# Ellington Field actions last weekend! F-18 Hornets and Talons!!



## davechng (May 23, 2016)

Caught some great Actions over the weekend here in Ellington Field TX.

VMFA_251 F-18 and over 20 T-38 trainers!

Click here for detail report and more pictures
http://airwingspotter.com/hornets-and-t38-in-ellington-field-5-21-2016/

Have been a while since we get that kind of actions over the weekends!


----------



## Click (May 23, 2016)

Thanks for sharing your pictures. Very nice series. I especially like the 3rd picture.


----------



## wsmith96 (May 23, 2016)

Nice shots Dave!


----------



## awinphoto (May 23, 2016)

Are you in the military or do you have a great view off of base? I'm about an hour away from NAS Fallon, AKA Top Gun, but i'm sure i'd be escorted out of the vicinity, probably in handcuffs, since i'm not military.


----------



## tcmatthews (May 24, 2016)

awinphoto said:


> Are you in the military or do you have a great view off of base? I'm about an hour away from NAS Fallon, AKA Top Gun, but i'm sure i'd be escorted out of the vicinity, probably in handcuffs, since i'm not military.

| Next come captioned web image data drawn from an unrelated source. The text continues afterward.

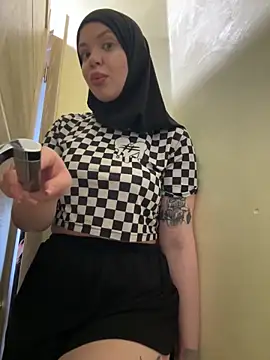 RedheadQueen  online show from June 3, 2:08 pm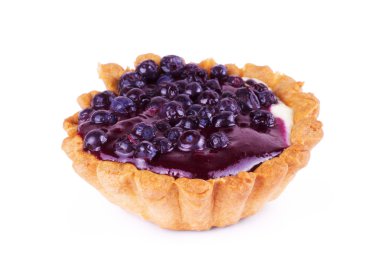 Beyaz bir arka plan üzerinde taze yaban mersini tart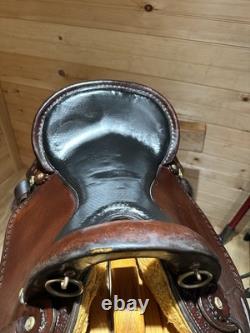 17 Imus 4Beat Gaited Endurance Trail Saddle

Ellington Field is not a currently active air force base. It is more of a mixed use airport used by the military, commercial, NASA and general aviation. It may even end up a commercial spaceport if the Dream Chaser pans out.


----------



## davechng (May 24, 2016)

This is all shot off base! 

As for Fallon! it will be easier to get with the Public relation of the base since spotting outside FAllon is not advisable! although I have done it before!

DaveC


----------